Lately, I am focusing on finding a way to create paintings that will help people feel good. I need to make something that will calm my soul, give me balance and peace of mind. There is too much hardness, too much violence, and too much isolation out there, especially under the COVID-19 circumstances. I feel a constant need to break away from this circle of misery and sadness and create artworks that will get the viewer to a better place.

Hug Me, Oil and acrylics on canvas, 50x70 cm, 2019  Christina Michalopoulou©

Hug Me, Oil and acrylics on canvas, 50x70 cm, 2019 Christina Michalopoulou©

They say if you could be anything but an artist, don’t be an artist. What career are you neglecting right now by being an artist?

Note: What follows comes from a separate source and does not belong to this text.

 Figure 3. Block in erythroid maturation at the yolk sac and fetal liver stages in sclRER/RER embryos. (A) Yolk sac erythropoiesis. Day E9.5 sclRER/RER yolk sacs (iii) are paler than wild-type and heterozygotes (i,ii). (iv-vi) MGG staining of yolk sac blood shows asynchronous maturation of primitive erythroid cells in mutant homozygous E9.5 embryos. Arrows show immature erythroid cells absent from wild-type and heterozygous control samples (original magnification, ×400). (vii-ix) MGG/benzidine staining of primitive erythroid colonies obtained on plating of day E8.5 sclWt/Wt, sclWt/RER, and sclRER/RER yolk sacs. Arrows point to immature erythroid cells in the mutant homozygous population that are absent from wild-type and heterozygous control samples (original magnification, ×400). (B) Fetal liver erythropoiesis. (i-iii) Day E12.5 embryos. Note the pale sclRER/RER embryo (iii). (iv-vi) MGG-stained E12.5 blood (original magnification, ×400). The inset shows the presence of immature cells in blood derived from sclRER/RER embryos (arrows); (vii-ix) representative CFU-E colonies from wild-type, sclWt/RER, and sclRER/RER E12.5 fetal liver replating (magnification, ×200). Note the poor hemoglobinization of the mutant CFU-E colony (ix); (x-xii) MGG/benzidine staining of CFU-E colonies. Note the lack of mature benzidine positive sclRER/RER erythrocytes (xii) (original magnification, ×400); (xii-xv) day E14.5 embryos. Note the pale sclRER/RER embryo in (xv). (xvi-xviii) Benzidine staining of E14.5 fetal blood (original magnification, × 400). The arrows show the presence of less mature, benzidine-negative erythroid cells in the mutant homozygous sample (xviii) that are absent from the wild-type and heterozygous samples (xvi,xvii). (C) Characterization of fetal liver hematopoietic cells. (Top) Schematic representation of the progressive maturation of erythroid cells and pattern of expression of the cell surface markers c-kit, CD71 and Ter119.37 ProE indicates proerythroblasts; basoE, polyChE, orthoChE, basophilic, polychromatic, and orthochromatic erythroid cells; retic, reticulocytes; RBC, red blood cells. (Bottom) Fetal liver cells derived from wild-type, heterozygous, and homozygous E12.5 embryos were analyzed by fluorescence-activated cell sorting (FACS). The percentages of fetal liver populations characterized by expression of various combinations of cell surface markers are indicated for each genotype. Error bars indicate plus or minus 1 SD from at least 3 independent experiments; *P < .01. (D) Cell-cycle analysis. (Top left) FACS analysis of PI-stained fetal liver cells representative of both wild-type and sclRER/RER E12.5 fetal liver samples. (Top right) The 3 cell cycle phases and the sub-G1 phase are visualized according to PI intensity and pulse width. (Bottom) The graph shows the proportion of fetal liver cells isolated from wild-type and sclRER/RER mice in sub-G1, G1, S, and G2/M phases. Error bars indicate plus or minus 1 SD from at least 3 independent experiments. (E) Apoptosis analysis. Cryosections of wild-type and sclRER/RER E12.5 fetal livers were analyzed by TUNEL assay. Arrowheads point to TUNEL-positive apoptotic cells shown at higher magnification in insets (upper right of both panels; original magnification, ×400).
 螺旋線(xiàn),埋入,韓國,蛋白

Being an artist was a decision I got when I was 35, in a period that I felt strongly the need to make some serious changes in my life. Till then, I already had a satisfying career in Marketing and advertising agencies for 11 years and also had created a successful brand, “Happyrooms”, with handmade christening and newborn goods. I still maintain the love for my first “child’, “Happyrooms” I chose to combine it with my new love, painting, rather than neglect it, and till now, it works pleasantly. Happyrooms takes care of the child in me, and painting takes care of the adult in me. 

The art world is in such a crisis nowadays that I don’t know if many of us can neglect a parallel career.